How long the colloquy might have continued it is hard to say: certainly Meta would not be the one to give in: but it was interrupted by Margery herself. A note had just been delivered at the house for Mrs. George Godolphin, and Margery, who probably was glad of an excuse for entering, brought it in. She never looked at all towards Mrs. Pain; she came straight up to her mistress, apparently ignoring Charlotte’s presence, but you should have seen the expression of her face. The coronet on the seal imparted a suspicion to Maria that it came from Lord Averil, and her heart sank within her. Could he be withdrawing his promise of clemency?

“Who brought this?” she asked in a subdued tone.

“A servant on horseback, ma’am.”

Charlotte had started up, catching at her feathers, for Pierce was at the dining-room door now, saying that the horses were alarmingly restive. “Good afternoon, Mrs. George Godolphin,” she called out unceremoniously, as she hastened away. “I’ll come and spend a quiet hour with you before I leave for town. Adieu, petite diablesse! I’d have you up to-morrow for a farewell visit, but that I’m afraid you might get nailed down with the furniture in some of the packing-cases.”

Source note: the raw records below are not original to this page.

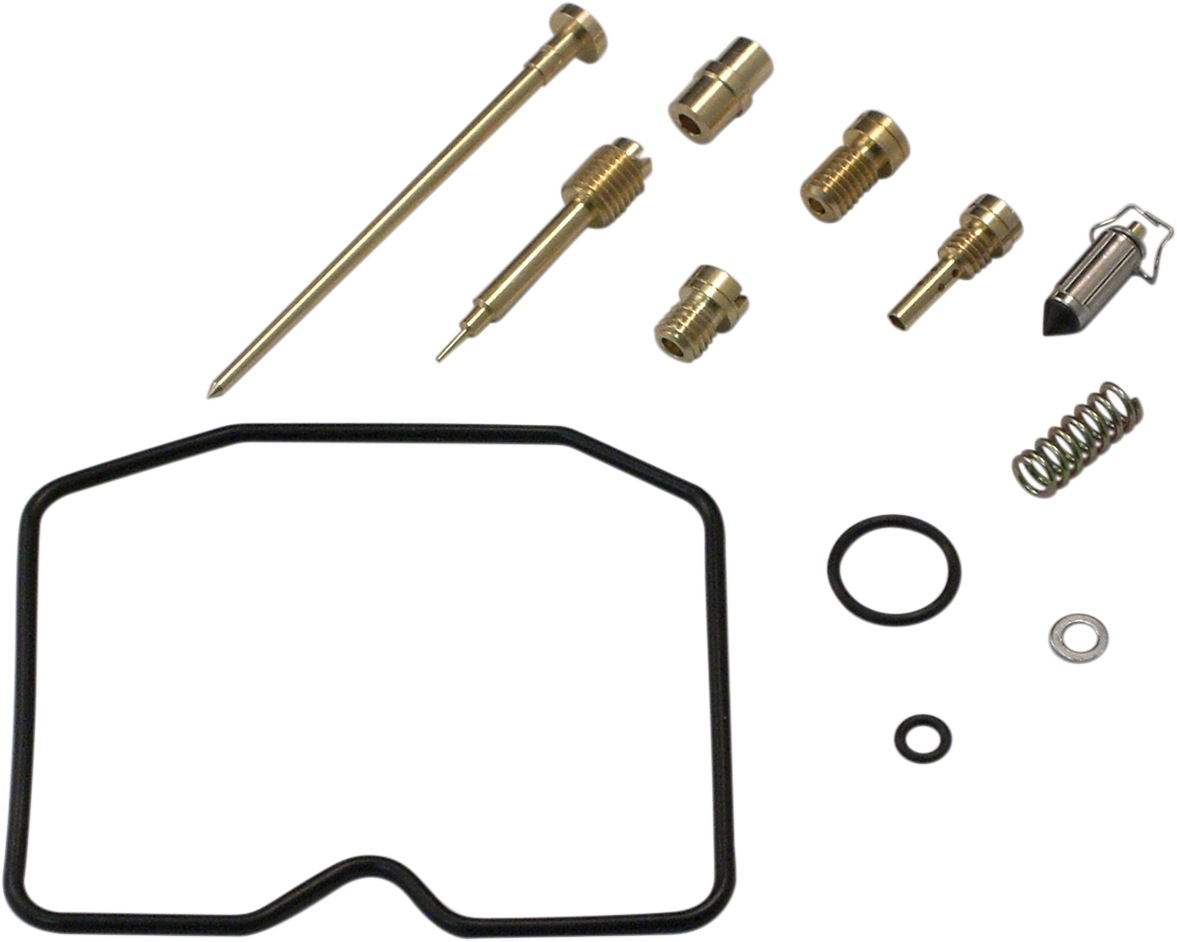 SHINDY - 03104 - Carburetor Repair Kit - Kawasaki image 3 of 4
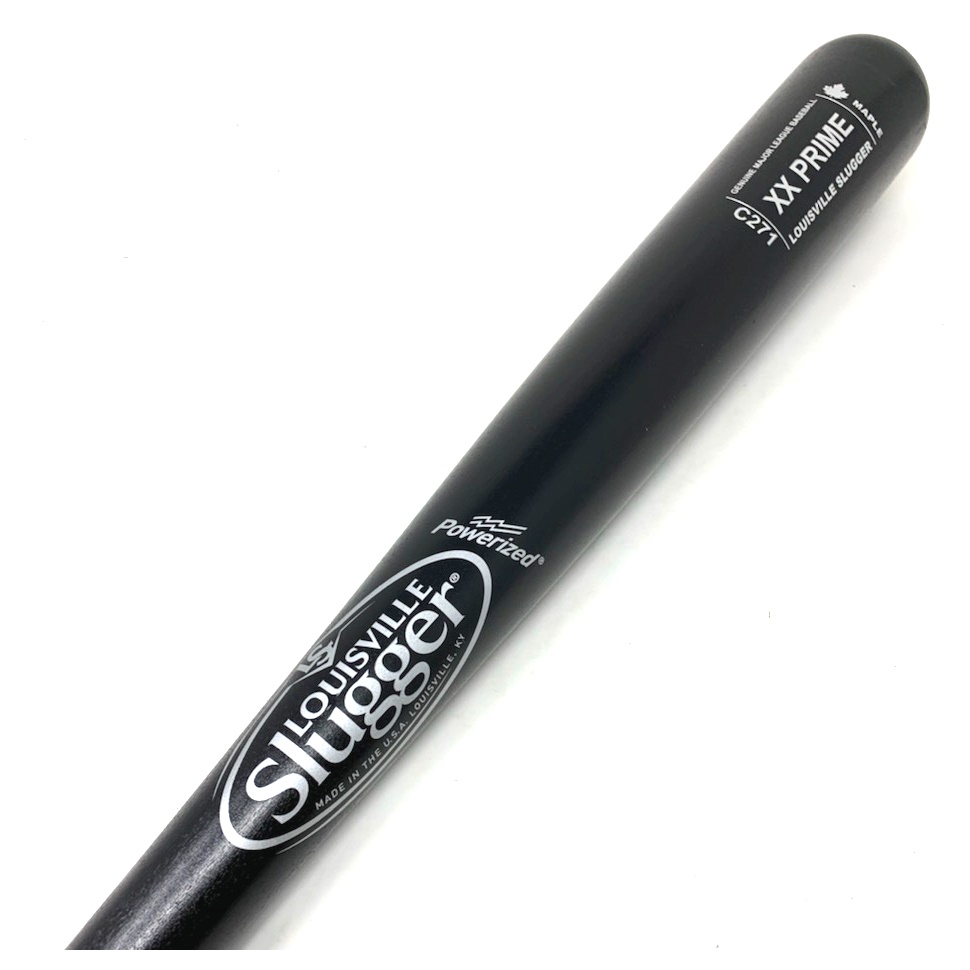 louisville-slugger-maple-xx-prime-c271-wood-baseball-bat-33-inch WBXM14P71NBK33 Louisville            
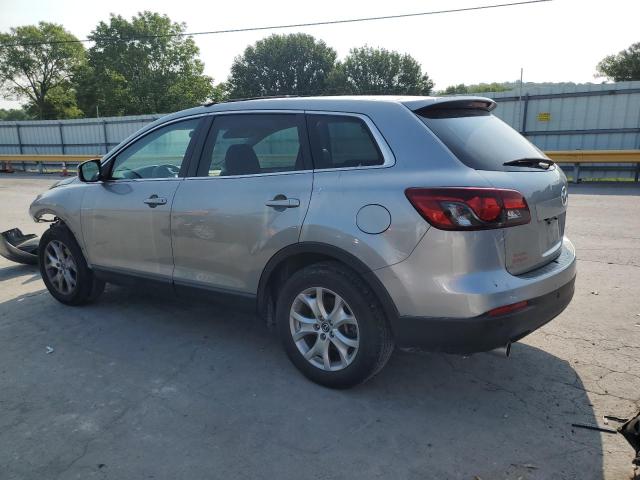 Photo 2 from auction – 2014 MAZDA CX-9 TOURI with VIN JM3TB2CA2E0433776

Away she went. Meta was hastening after her, but was caught up by Margery with an angry sob—as if she had been saving her from some imminent danger. Maria opened the letter with trembling fingers.

“My dear Mrs. Godolphin,

“It has occurred to me since I parted from you, that you may wish to have the subject of our conversation confirmed in writing. I hereby assure you that I shall take no legal proceedings whatever against your husband on account of my lost bonds, and you may tell him from me that he need not, on that score, remain away from Prior’s Ash.

“I hope you have reached home without too much fatigue.

“Believe me, ever sincerely yours,      “Averil.”

“How kind he is!” came involuntarily from Maria’s lips.

The words were drowned in a noise outside. Charlotte had contrived to ascend to her seat in spite of the prancing horses. She stood up in the high carriage, as George Godolphin had once done at the same door, and by dint of strength and skill, subdued them to control. Turning their fiery heads, scattering the assembled multitude right and left, nodding pleasantly to the applause vouchsafed her, Mrs. Charlotte Pain and the turn-out disappeared with a clatter, amidst the rolling of wheels, the barking of dogs, and the intense admiration of the gaping populace.

On this same evening, Miss Godolphin sat at a window facing the west in their home at Ashlydyat. Soon to be their home no more. Her cheek rested pensively on her fingers, as she thought—oh, with what bitterness!—of the grievous past. She had been universally ridiculed for giving heed to the superstitious traditions attaching to the house, and yet how strangely they appeared to be working themselves out. It had begun—Janet seemed to think the ruin had begun—with the departure of her father, Sir George, from Ashlydyat: and the tradition went that when the head of the Godolphins should voluntarily abandon Ashlydyat, the ruin would follow.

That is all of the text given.